5. Il résulte de l'instruction que l'indu de revenu de solidarité active mis à la charge de M. B résulte de l'absence de déclaration par ce dernier de la perception d'aides financières familiales, de revenus fonciers issus de la sous-location de son appartement et d'autres revenus. Si le requérant soutient d'une part qu'il percevait des sommes dans le cadre d'une colocation et non d'une sous-location de son logement, il résulte toutefois du rapport d'enquête établi par un agent assermenté de la caisse d'allocations familiales le 19 décembre 2019, dont les énonciations font foi jusqu'à preuve du contraire, que la propriétaire du logement du requérant l'avait autorisé à sous-louer une partie du logement, ce que ce dernier a effectué entre les mois de novembre 2015 et de juillet 2016 et entre les mois d'août 2017 et de mars 2019. Par suite, et en se bornant à produire à l'appui de sa requête un contrat de colocation dont il s'avère qu'il s'agirait d'un faux document, M. B ne remet pas utilement en cause les conclusions du rapport d'enquête. D'autre part, si l'intéressé fait valoir qu'il a bénéficié d'une aide financière temporaire de la part de sa mère dans la mesure où il était gravement malade, cette circonstance n'est pas de nature à le dispenser de ses obligations déclaratives, alors que les formulaires de déclaration trimestrielle de ressources comportent des rubriques intitulées " pension alimentaire ", " revenus exceptionnels " et " aides et secours financiers réguliers ".

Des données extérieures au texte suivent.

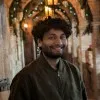 Manthan Shah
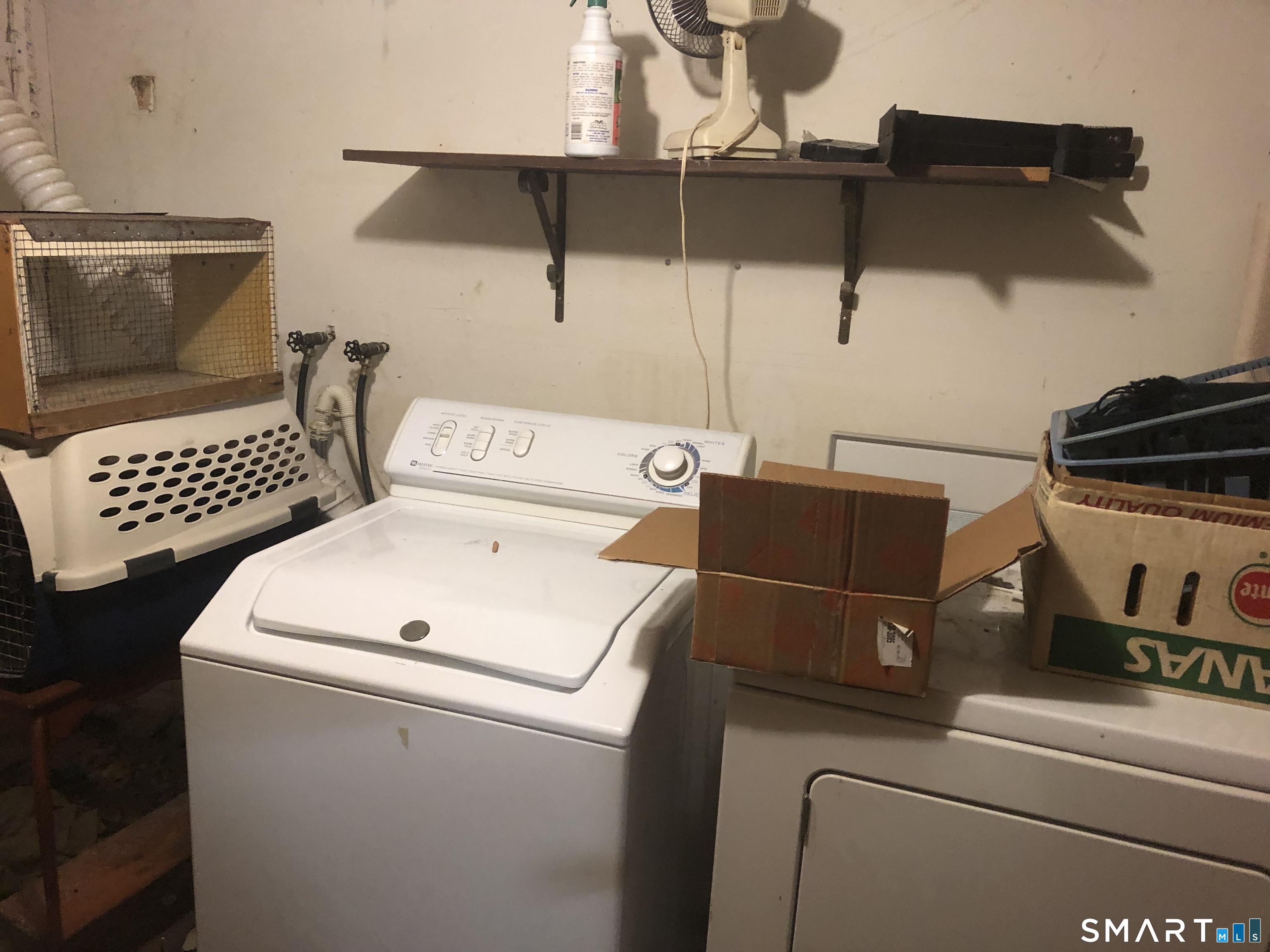 894 Burnside Avenue East Hartford CT 06108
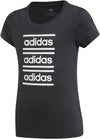 Celebrate the 90s kids shirt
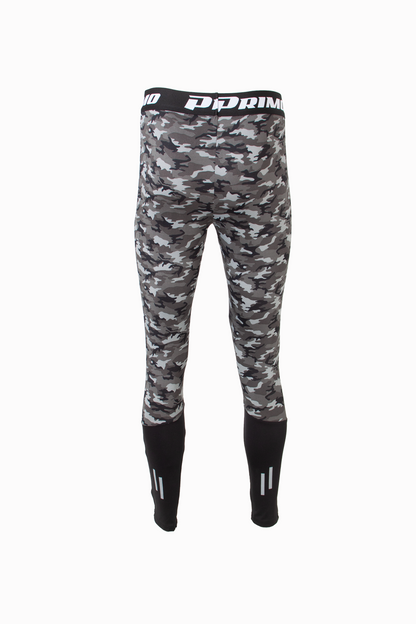 Mens Running Tights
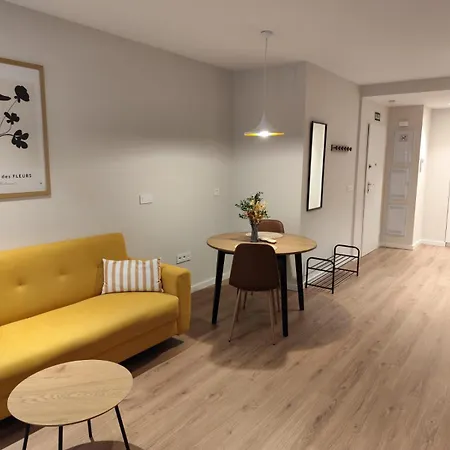 Bazan51 1 3* Alicante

6. Il résulte de ce qui précède, et sans qu'il soit besoin d'examiner la fin de non-recevoir opposée en défense, que M. B n'est pas fondé à demander l'annulation de la décision par laquelle le président du conseil départemental de l'Hérault a implicitement confirmé le bien-fondé de l'indu de revenu de solidarité active mis à sa charge.

En ce qui concerne l'amende administrative :

7. M. B est décédé le 17 avril 2022. Eu égard au caractère personnel de l'amende infligée par le président du conseil départemental, les conclusions de la requête dirigée contre la décision du 20 avril 2021 par laquelle le président du conseil départemental de l'Hérault lui a notifié une amende administrative d'un montant de 1 352 euros sont devenues sans objet. Il n'y a dès lors plus lieu de statuer sur l'amende administrative.

Sur les frais liés au litige :

8. Les dispositions des articles 37 de la loi du 10 juillet 1991 et L. 761-1 du code de justice administrative font obstacle à ce qu'il soit mis à la charge du département de l'Hérault, qui n'est pas la partie perdante, une quelconque somme au titre des frais exposés et non compris dans les dépens.

D E C I D E :

Article 1er : Il n'y a pas lieu de statuer sur l'amende administrative.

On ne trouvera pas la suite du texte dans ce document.